Midsummer, 1914 Part 1
Extract from Midsummer, 1914 Part 1
Since the last issue of The Bridge most of the important events of the year, in all branches of school life, have occurred. Nothing now remains except the O.T.C. Camp, and, for those of the Sixth who have the good fortune to be taking it, the Matriculation Examination. The School, we are glad to say, has done much better in cricket and athletics than in recent years. The general work of the school has been rigorously examined by the Government Inspectors.
The School Prizes were distributed on December 15th by the Right Rev. the Lord Bishop of Birmingham, whose speech was remarkably interesting to all. His Lordship congratulated Mr Pardoe and those who took part in the French Play on pronunciation.
After a week of fine weather it rained so heavily on the day fixed for the School Sports, Saturday May 23rd, that they had to be postponed until the following Wednesday. Consequently the attendance was less than it might otherwise have been, but this was to some extent made good by the sale of tickets exceeding that of any other year. Those who were there saw a closer competition for the senior-championship that has been seen for many years.
The Inter-School Sports, which took place on June 22nd, were, like the battle of Blenheim, “a glorious victory.” Despite the great handicap in the indisposition of Welch we succeeded in winning the Kenrick Championship Shield and four Cups. When the rejoicings are over let us make up our mind to do our utmost to retain our trophies.
School house succeeded in obtaining the first place in house football, after a close contest. Now, however, that the summer season is with us some very interesting matches for the house championship have been played, and there is a prospect of an excellent finish.
It is in the summer term that the O.T.C is most active, commencing with the Prize Day. There has already been a field-day at Sutton, and also several afternoon parades. One of the two great events of the O.T.C. Year, the inspection, took place on Friday June 25th, and the other, camp, commences on July 28th, at Tidworth Pennings, on Salisbury Plain.
The work of the N.H.S. has proceeded steadily during the past two terms. Rambles have been held at intervals, in course of which many interesting things have been seen.
In conclusion, only a few weeks of the present term remaining, it will soon be necessary to make arrangements for the winter term. As may be seen from The Bridge 1907, there existed at that time in the school a Social Club, a Christian Union, a Literary and Debating Society and a Chess Section. There is nothing to prevent a revival of some of these Societies but the apathy of the Upper and Middle School. We feel sure that if sufficient interest were shown by the School to repay their trouble, the masters and prefects would be willing to organise the societies. It would be possible to form a society which could hold on alternate Saturday evenings debates or lectures and chess tournaments. Perhaps the School will show its enthusiasm by taking this up next term.

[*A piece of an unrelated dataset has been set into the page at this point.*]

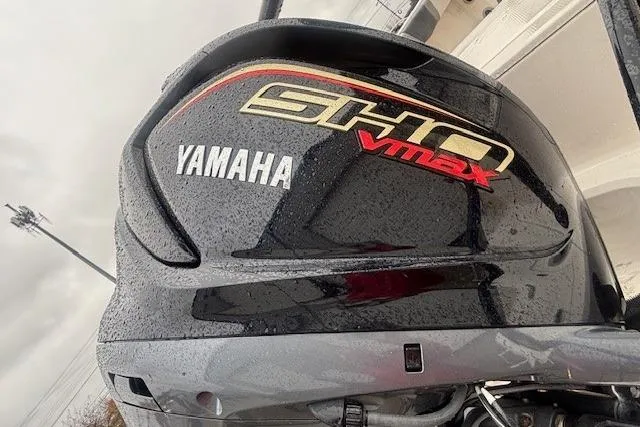 Slide: The Image of 2021 Robalo R230 Center Console boat dashboard with Garmin navigation system. - 6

Judging from the remarks of many boys it is doubtful whether half-a-donzen wild beasts would have aroused more trepidation than did the inspectors. When they arrived they proved to be quite pleasant, so next time, a future generations will be able to anticipate their visit with equanimity.
In a Geography lesson it was said that the greater part of gas used in Philadelphia was natural. We always had a notion that gas was a natural product in America.
Everyone has heard that “Hors de combat” means warhorse, but now we are informed on creditable authority that “Hors de concours” means race-horse!
Welch was very unlucky in being unable to take part in the Inter-School Sports through contracting a cold at the last minute; he had been very ambitious to represent the School, and was consequently very disappointed. Hard luck, Tommy! Your turn will come.
Apropos of the visit of the inspectors, we wish to deny that it was at Handsworth that the following passage occurred :
Inspector: “What is a pilgrim?”
Bright Boy: “A pilgrim is a man who goes about from place to place.”
Inspector: “Well, I go about from place to place. Am I a pilgrim?”
Bright Boy: “Oh no! A pilgrim is a good man!”
We offer our heart congratulations to D. R. D Daly on his success in moderations and Divinity School at Oxford.